◆ **TASK**: Every line from the line containing "Northlight Sailboat with" through the end of the data is to be reproduced exactly, excluding pictures.

◆ **INFORMATION SUPPLIED**:
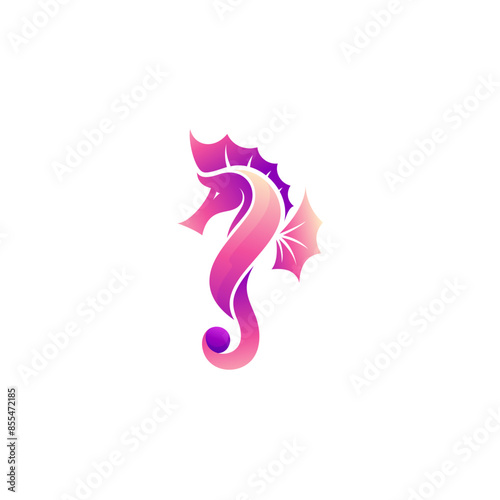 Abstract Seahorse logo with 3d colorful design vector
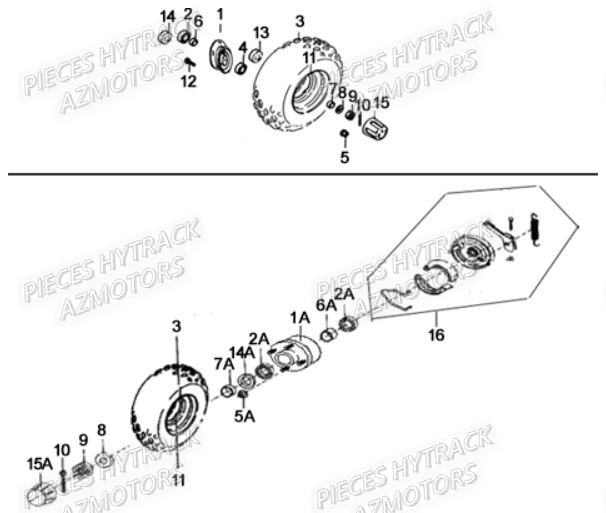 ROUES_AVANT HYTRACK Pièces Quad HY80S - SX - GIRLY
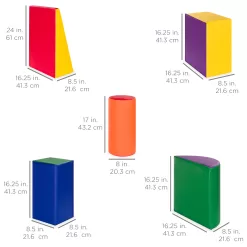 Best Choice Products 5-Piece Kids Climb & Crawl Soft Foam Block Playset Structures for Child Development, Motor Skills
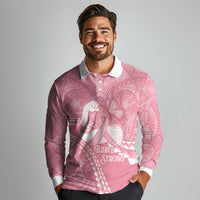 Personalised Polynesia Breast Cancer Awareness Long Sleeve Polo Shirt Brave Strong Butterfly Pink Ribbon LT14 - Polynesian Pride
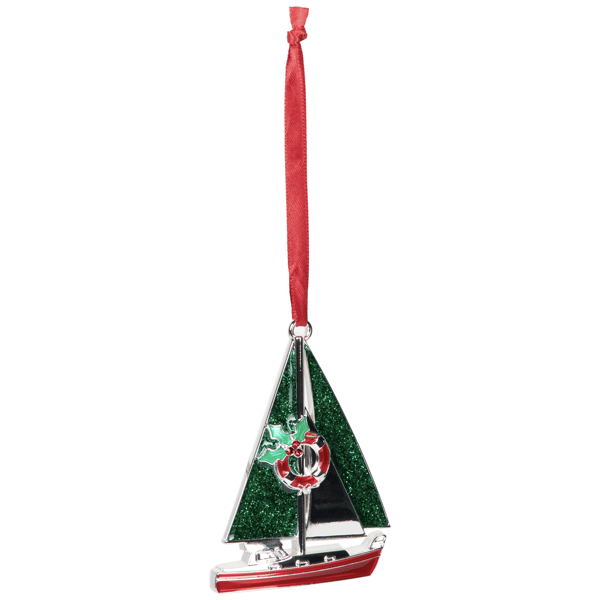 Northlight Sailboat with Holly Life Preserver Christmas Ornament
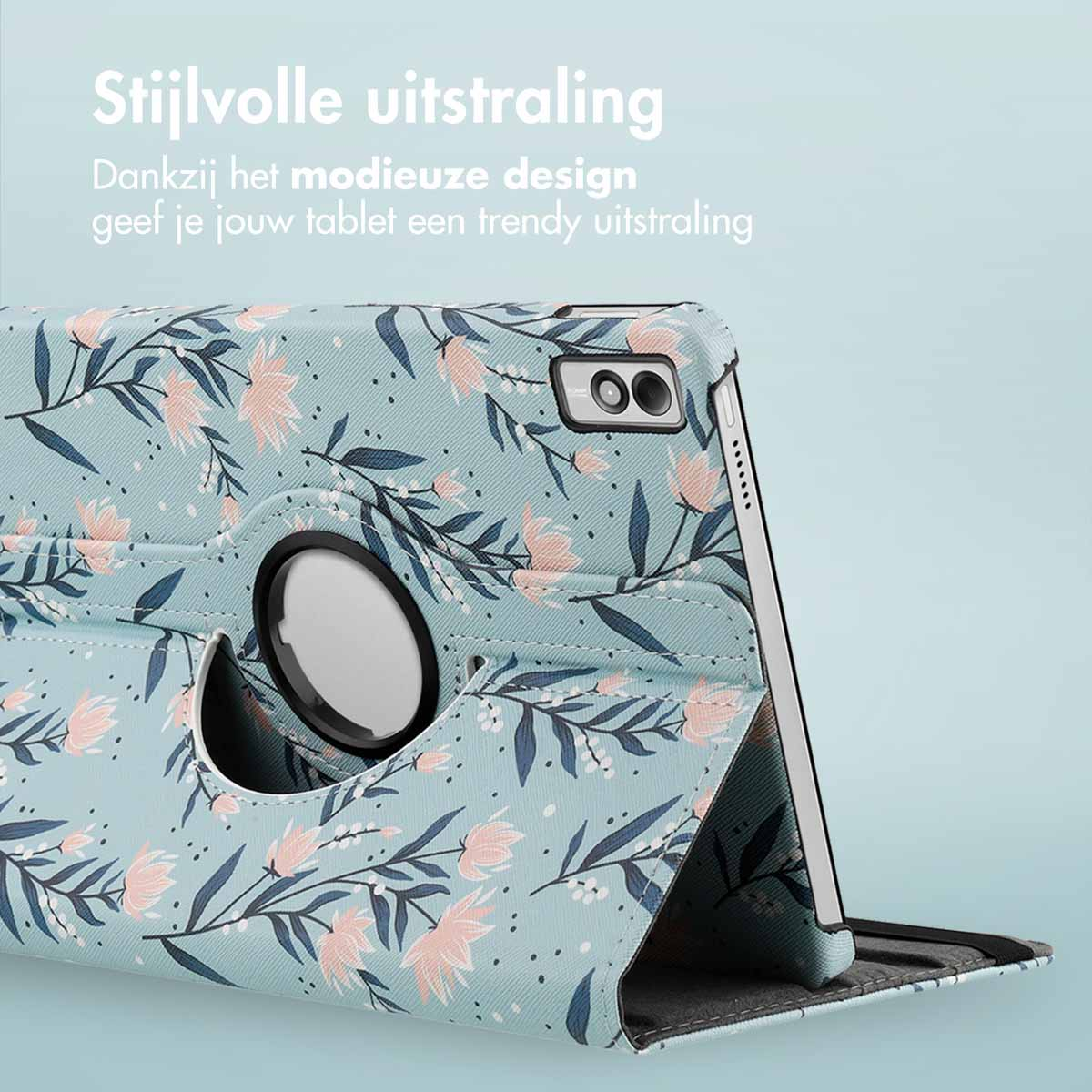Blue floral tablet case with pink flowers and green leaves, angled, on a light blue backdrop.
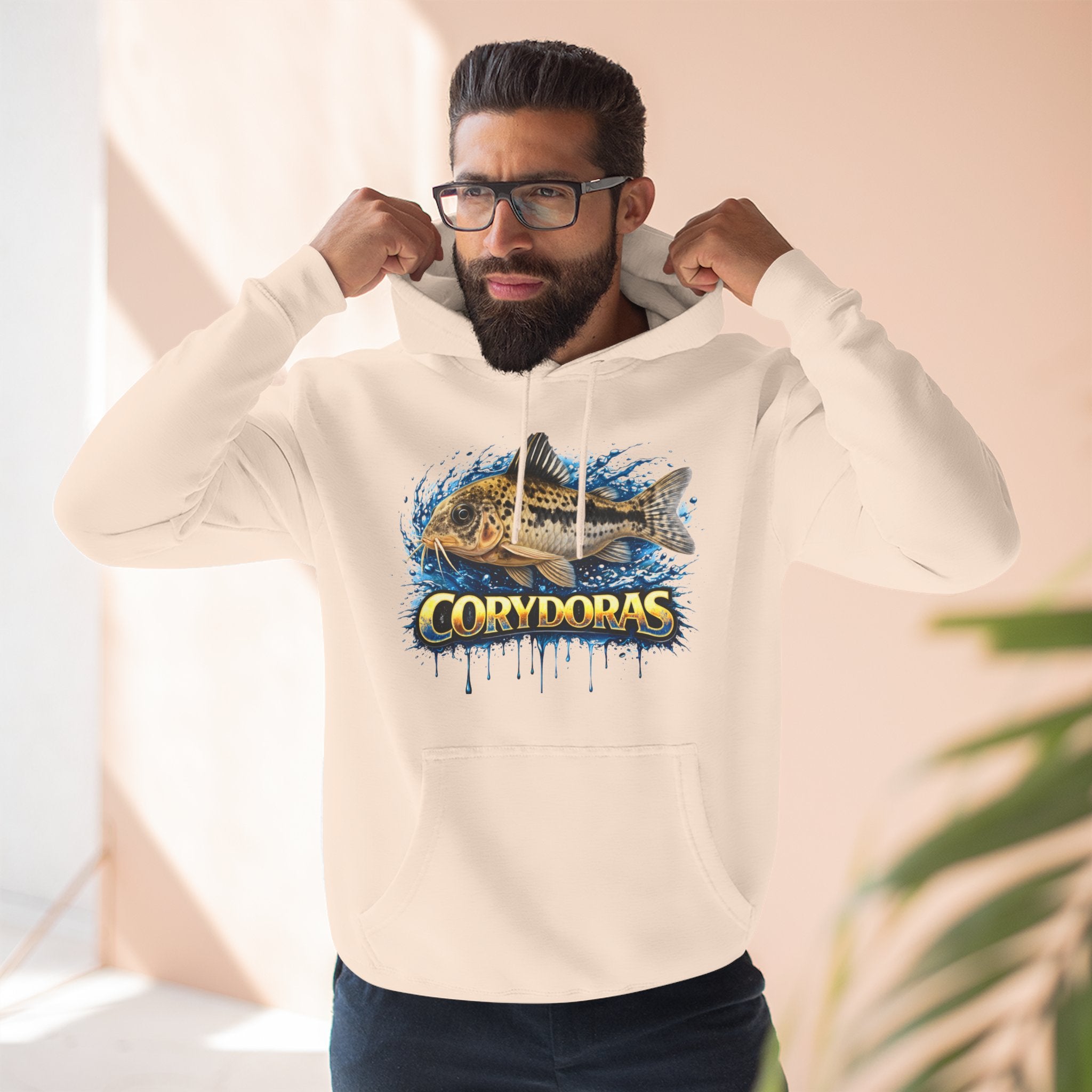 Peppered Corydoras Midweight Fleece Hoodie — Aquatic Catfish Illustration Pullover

◆ **EXERCISE RESULT**:
 Northlight Sailboat with Holly Life Preserver Christmas Ornament
Blue floral tablet case with pink flowers and green leaves, angled, on a light blue backdrop.
 Peppered Corydoras Midweight Fleece Hoodie — Aquatic Catfish Illustration Pullover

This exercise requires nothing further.